** Data for the task follows **
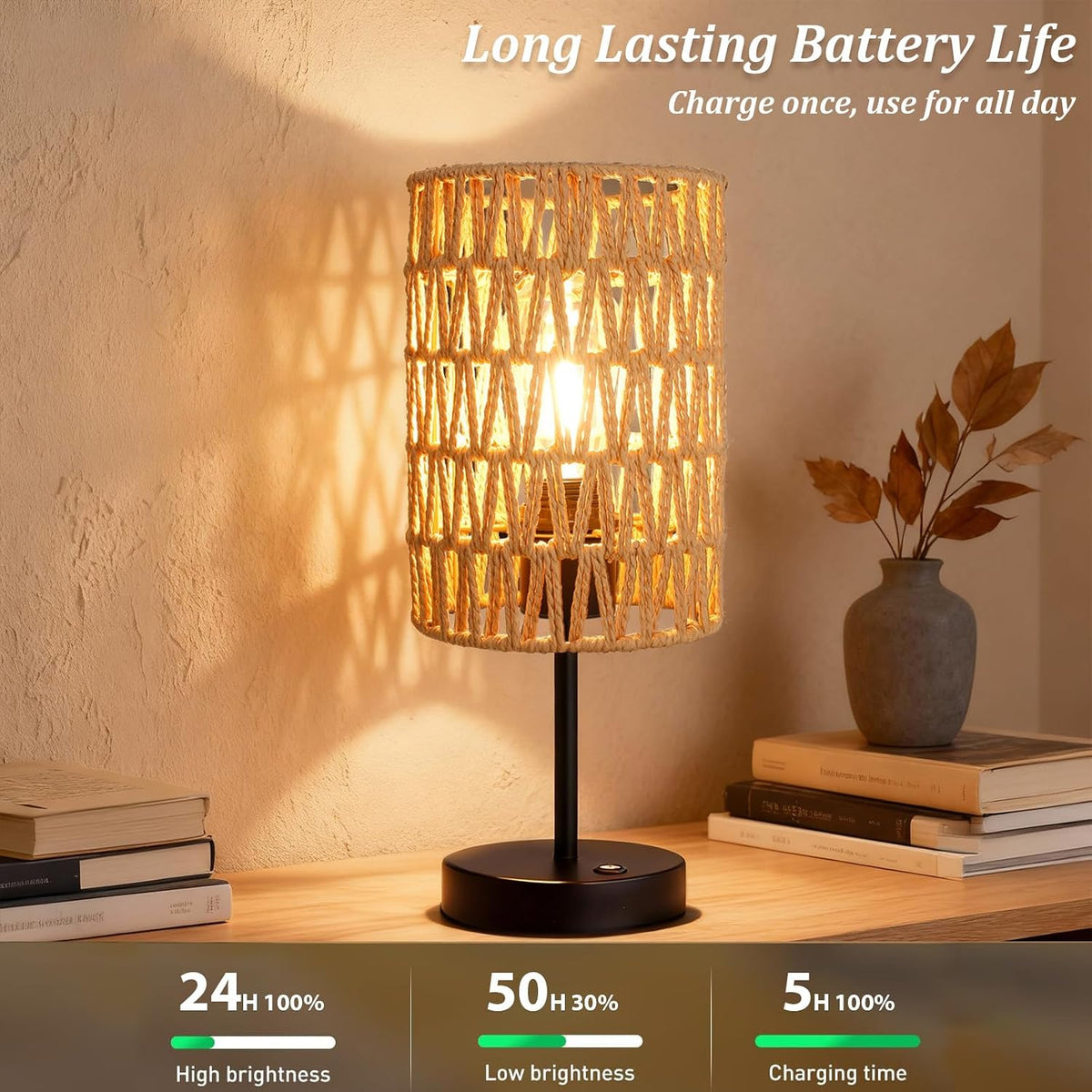 Rechargeable Outdoor Table Lamps, Rattan Boho Cordless Battery Operated Table...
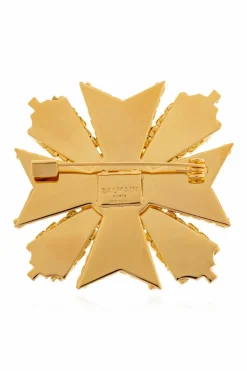 Balmain GOLD Brooch with crystals
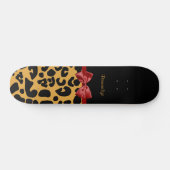 Trendy Black en Gold Leopard Print Red Ribbon Bow Skateboard (Horizontaal)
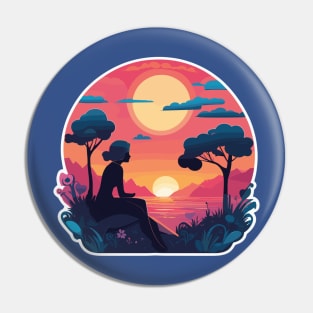 sunset  heart Pin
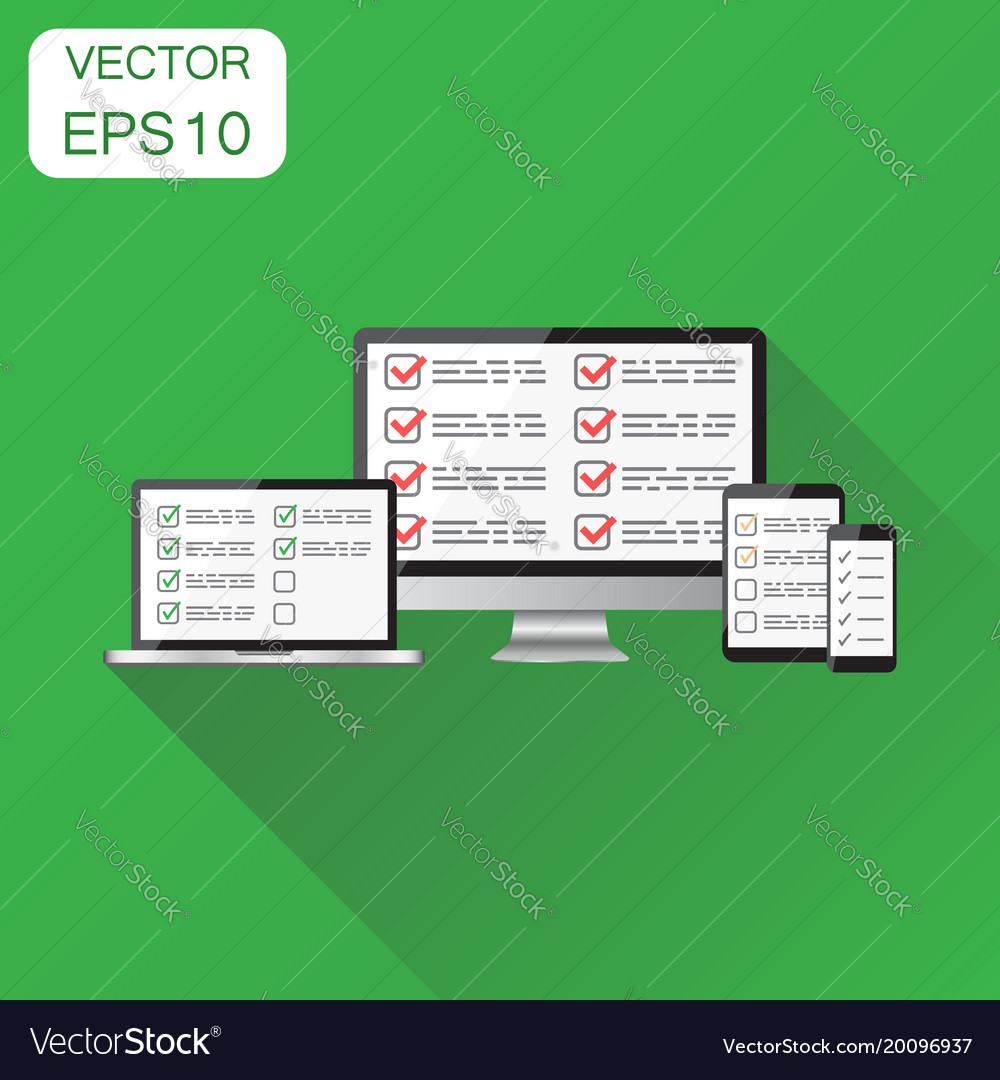 Online survey checklist with computer icon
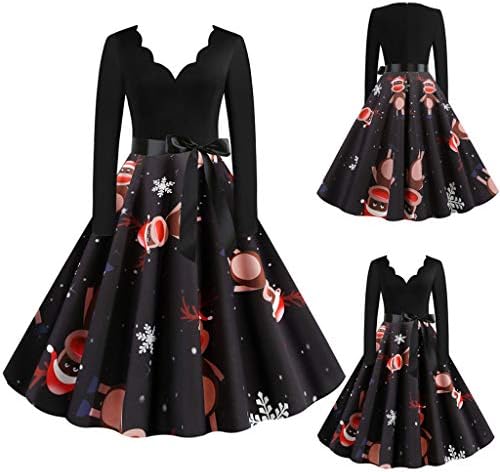 クリスマス 秋冬 ワンピース レディース Jikial レディース 長袖 大きいサイズ クリスマスワンピース ワンピース ドレス レディース クリスマス ファッション レディース ワンピース 秋冬 ロング クリスマスパーティードレス Vネックリスマスドレス 結婚式 衣装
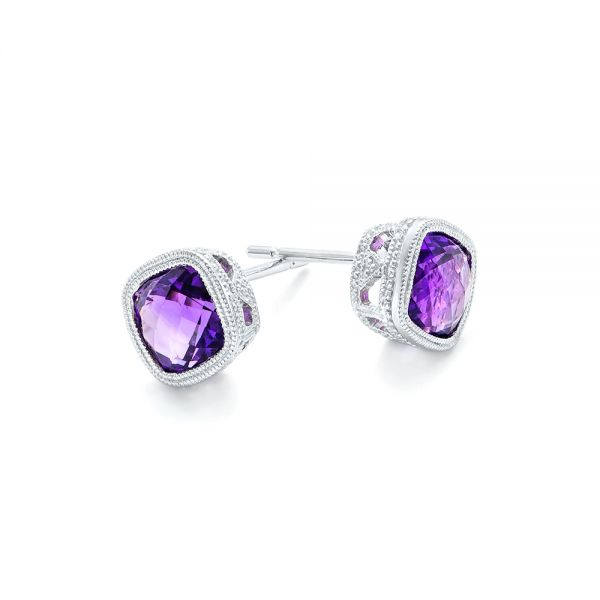  Platinum Platinum Amethyst Stud Earrings - Front View -  102655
** End of Data for the task **
*Action item*
Please retype exactly the lines from the line containing "クリスマス 秋冬 ワンピース" through the final line of the records above, inclusive, leaving out any pictures.

*Exercise response*
 クリスマス 秋冬 ワンピース レディース Jikial レディース 長袖 大きいサイズ クリスマスワンピース ワンピース ドレス レディース クリスマス ファッション レディース ワンピース 秋冬 ロング クリスマスパーティードレス Vネックリスマスドレス 結婚式 衣装
  Platinum Platinum Amethyst Stud Earrings - Front View -  102655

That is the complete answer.